YOUR ASSIGNMENT: In the copy, keep the lines from the first line of the material below through the line containing "Hey, how y'all" exactly as they are, and include no pictures.

=== DATA RECORDS ===

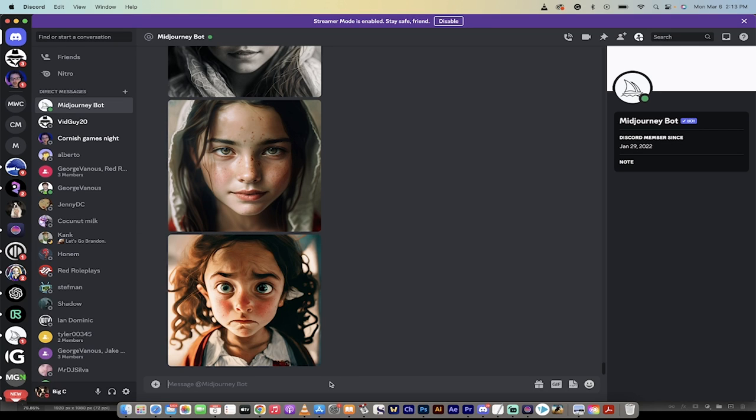I'm going to show you how to take an image of yourself or anyone else and turn yourself into either a cartoon, an avatar, an oil painting, or a charcoal drawing. I'm going to do it in about 60 seconds. A lot of tutorials out there take too long, so let me show you how to do it.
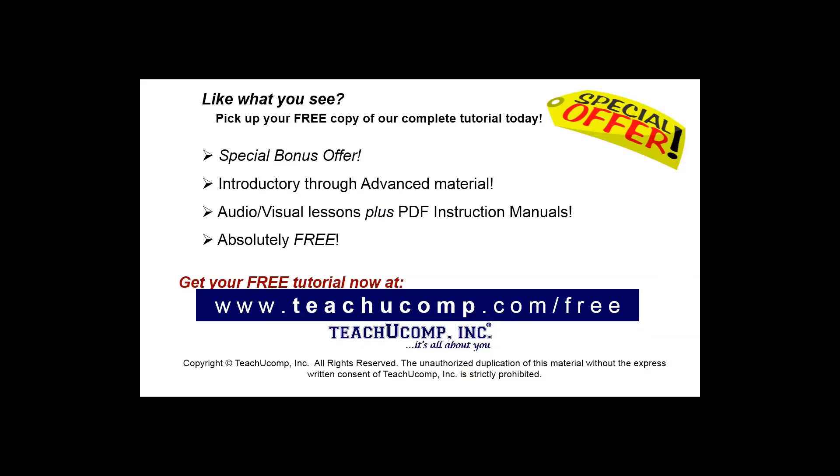Like what you see? Pick up your free copy of the complete tutorial at www.teachyoucomp.com forward slash free.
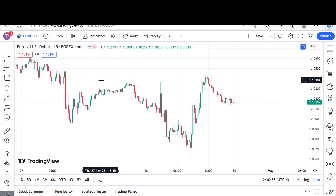Hey, how y'all doing? In today's video we're going to be talking about what is the difference between a stop run and a market structure shift. This is a request that I've gotten on various occasions, so I thought it was time to make a video and end that confusion. In this video we're mainly going to be focused on the intraday chart.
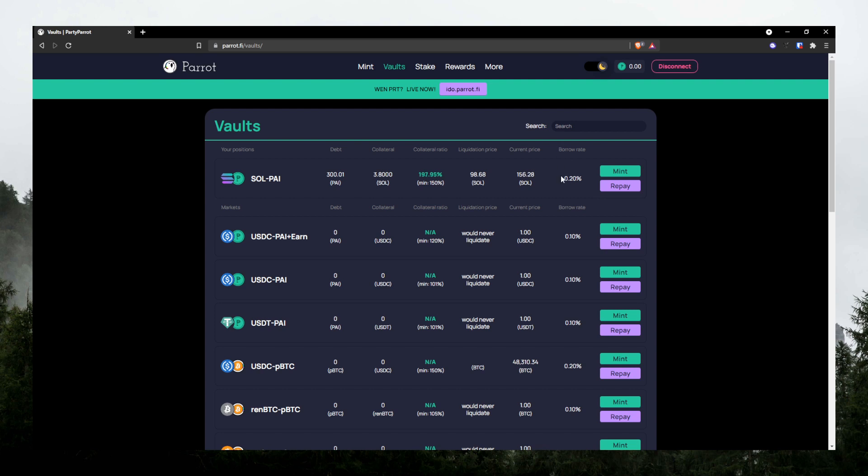So over here, you see that the borrow rate is 0.2%. This is annual. So that's pretty cheap, really, really cheap capital to borrow. Imagine paying 22% for a credit card or whatever.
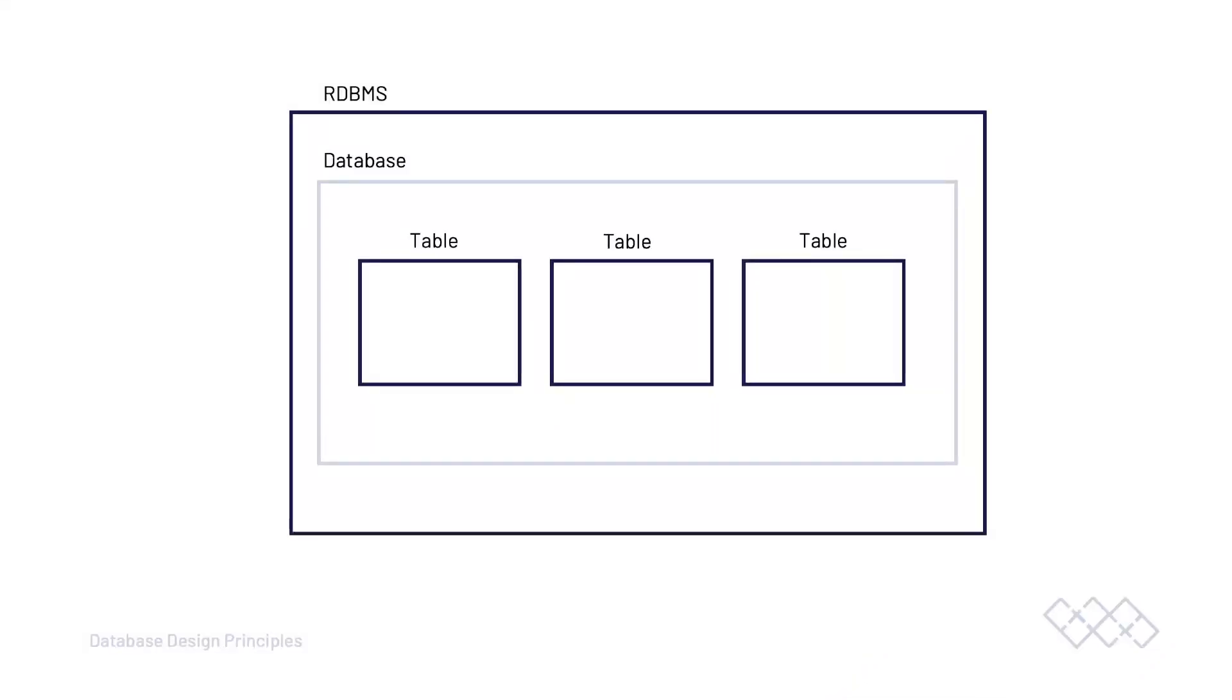What we have learned so far is that to build and administrate a relational database, we need software, a relational database management system. Popular relational database management systems include MySQL and Postgres database. Using any relational database software, we build databases and then design and implement tables.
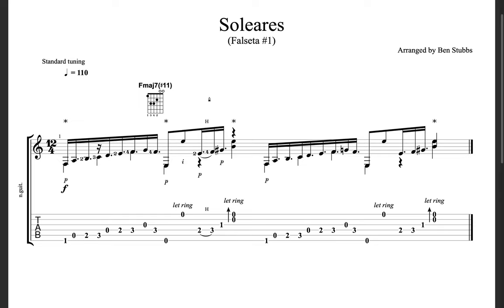Hi there, this is Ben Stubbs of the Flamenco Guitar Podcast, and in this video I wanted to give you a guide on how to read tablature, or tab, if you've never done so before.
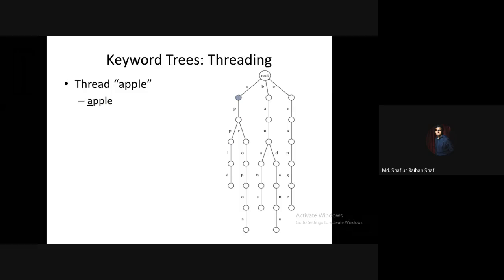For the Apple keyword, we take it into the keyword tree. First, we will search for character A — yes, we have got such an edge. Then from that node we search for an outgoing edge labeled P — yes, we have also found that.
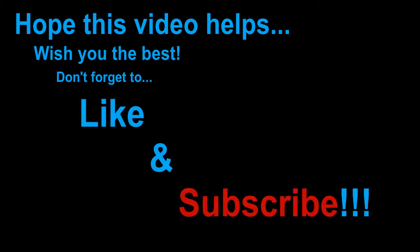Hope this video helps. Wish you the best! Don't forget to like and subscribe! Bye!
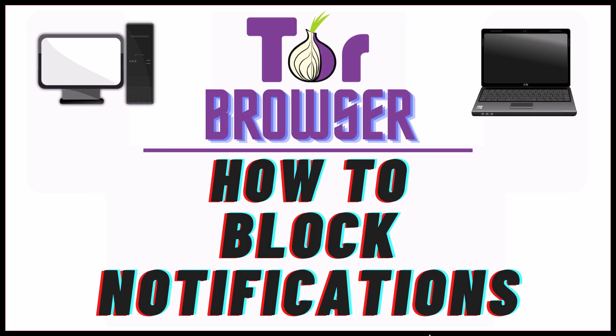This is going to be a video tutorial on how to block notifications in the Tor web browser. I will be using a desktop PC for this. Let me jump over to my browser here.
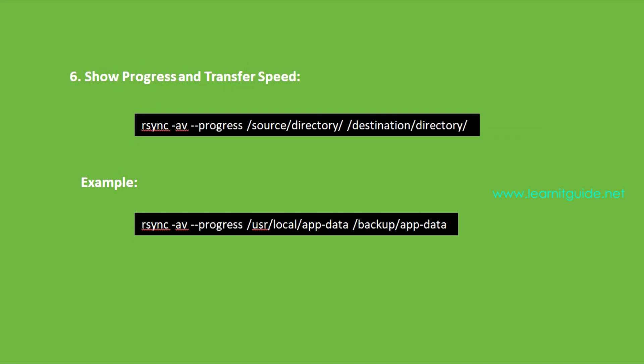Number six: Show progress and transfer speed. If you want to keep an eye on the progress of your synchronization as well as the transfer speed, you can use the option --progress. This command provides you with real-time updates on the progress of your rsync operation and the speed at which data is being transferred.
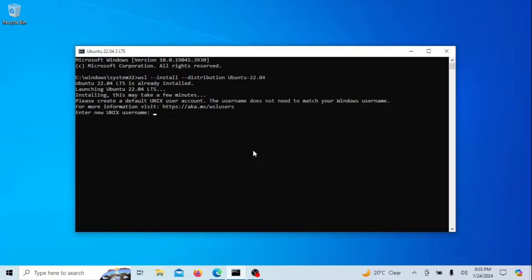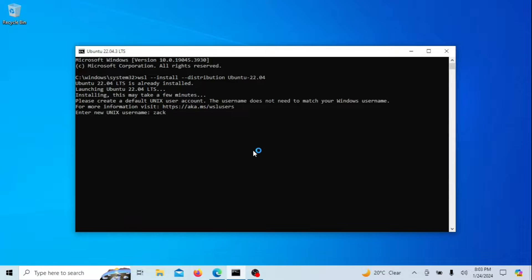Once the command completes, you'll be prompted to create a username and password. Congratulations! You now have Ubuntu running on your Windows machine.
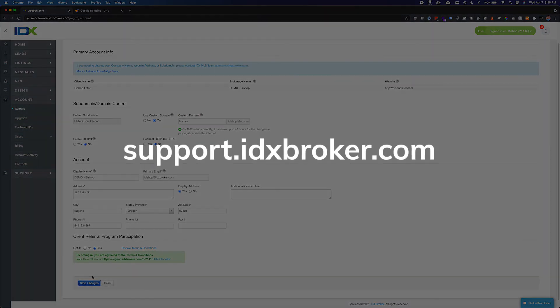For a comprehensive library of support topics, please visit support.idxbroker.com.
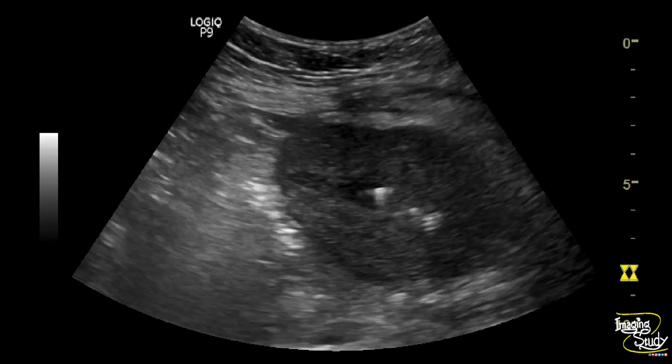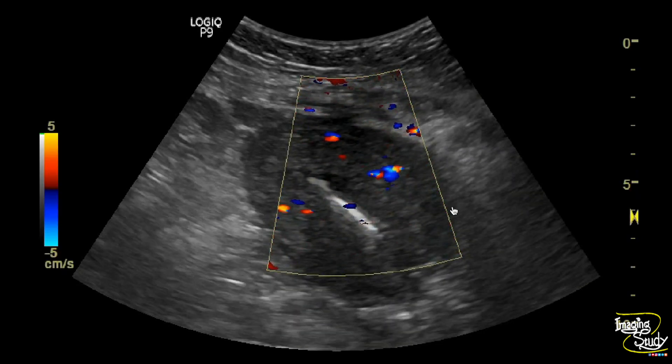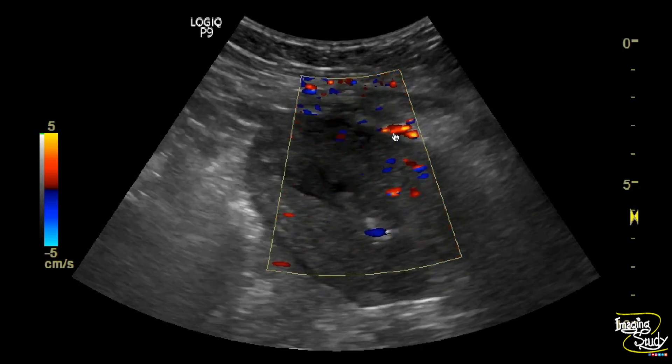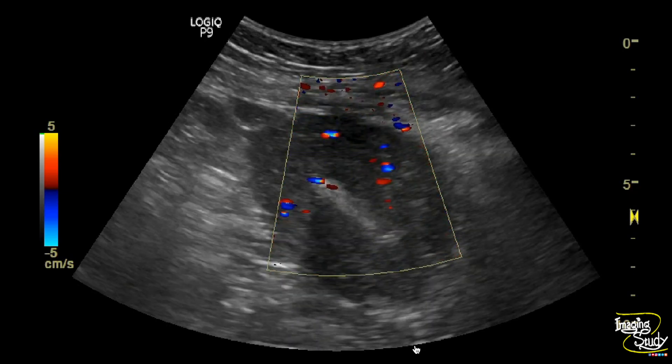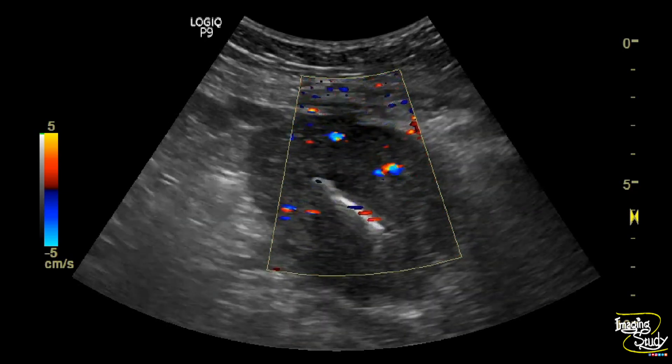With color Doppler, you can see increased vascularity towards the endometrium. There is some collection also within the endometrial cavity, which goes in favor of inflammatory change.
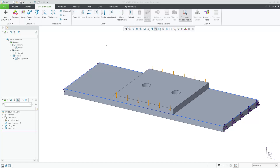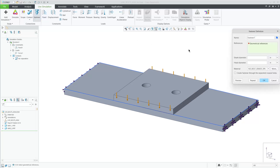In Creo 12, we have added fasteners and preload as features within Creo Simulation Live. This enables customers to connect geometry together using fasteners to check for resulting stresses, deformations, and many Bolt Simulation Pro values.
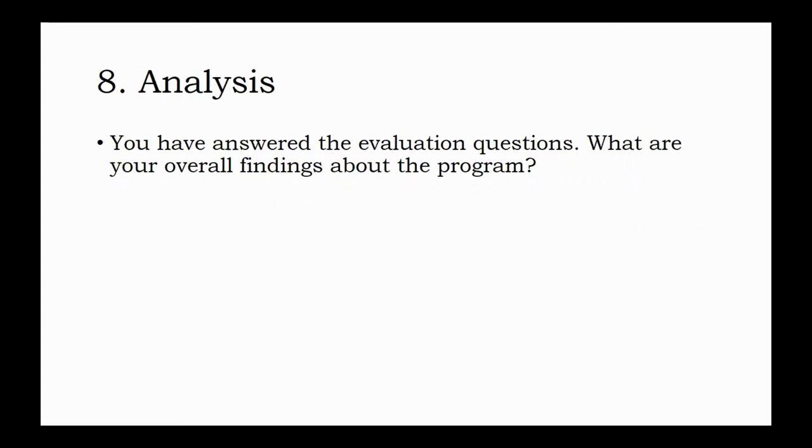Finally, can you make any recommendations? This is the end of the process of program evaluation. You will use the responses from your worksheets to develop an executive summary, just like you did with policy analysis. Good luck.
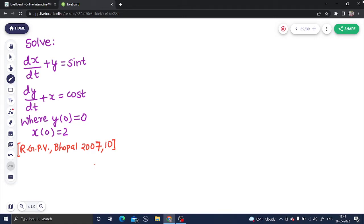Let us see a question from differential equations. With the help of this question, we will learn how to solve simultaneous differential equations. This will use some ideas of linear differential equations with constant coefficients as well.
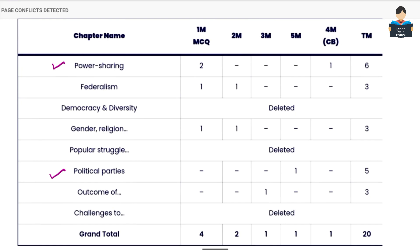Now for Civics, the major marks are in Power Sharing and Political Parties. Power Sharing has two MCQ questions and a case study question, similar to Geography and History case study patterns, giving 6 marks in total from this lesson. Political Parties carries 5 marks.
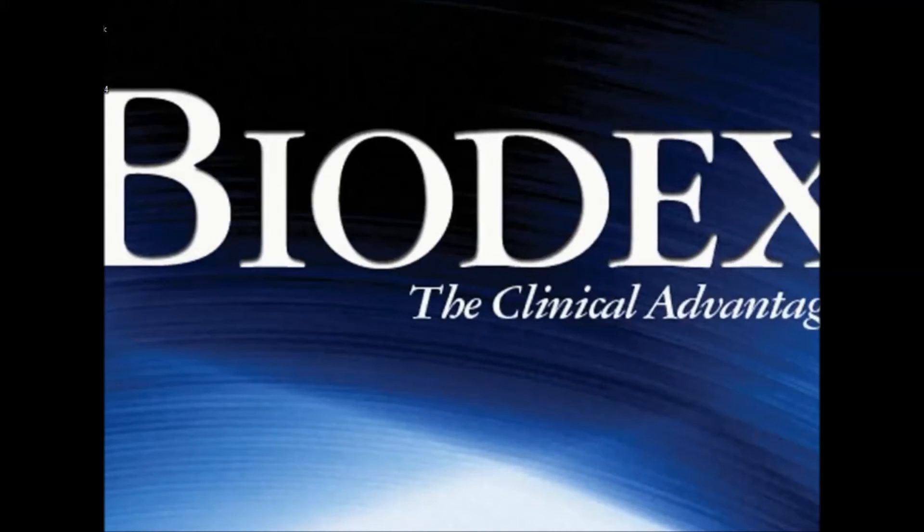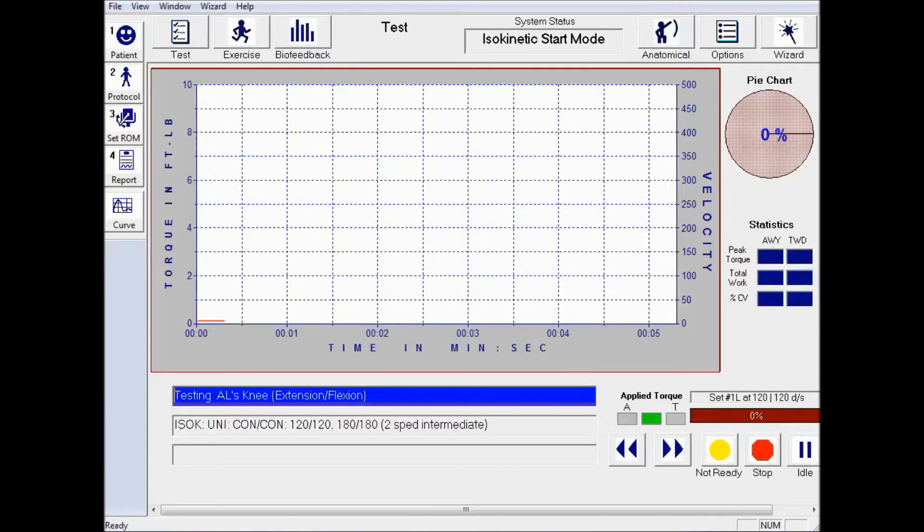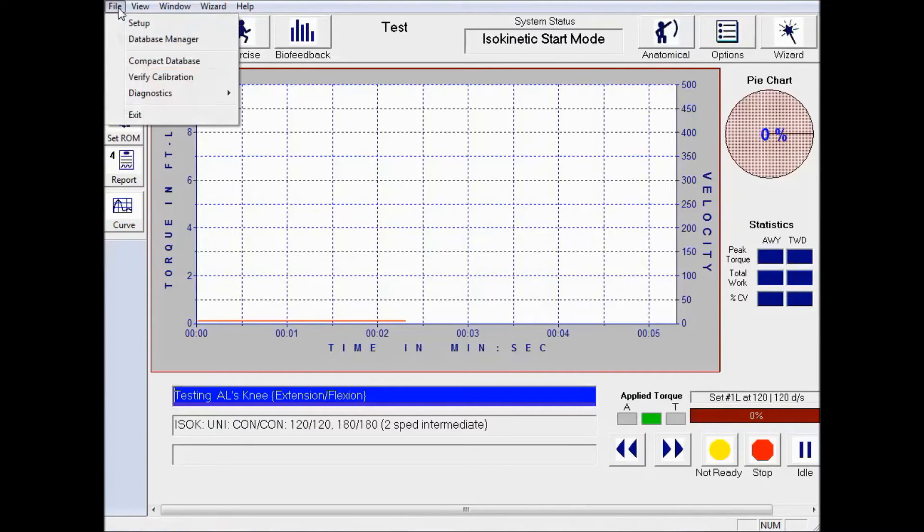On the software, we're going to be clicking on File, Verify Calibration.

===

EXERCISE SOLUTION:
I'm going to show you how to take an image of yourself or anyone else and turn yourself into either a cartoon, an avatar, an oil painting, or a charcoal drawing. I'm going to do it in about 60 seconds. A lot of tutorials out there take too long, so let me show you how to do it.
Like what you see? Pick up your free copy of the complete tutorial at www.teachyoucomp.com forward slash free.
Hey, how y'all doing? In today's video we're going to be talking about what is the difference between a stop run and a market structure shift. This is a request that I've gotten on various occasions, so I thought it was time to make a video and end that confusion. In this video we're mainly going to be focused on the intraday chart.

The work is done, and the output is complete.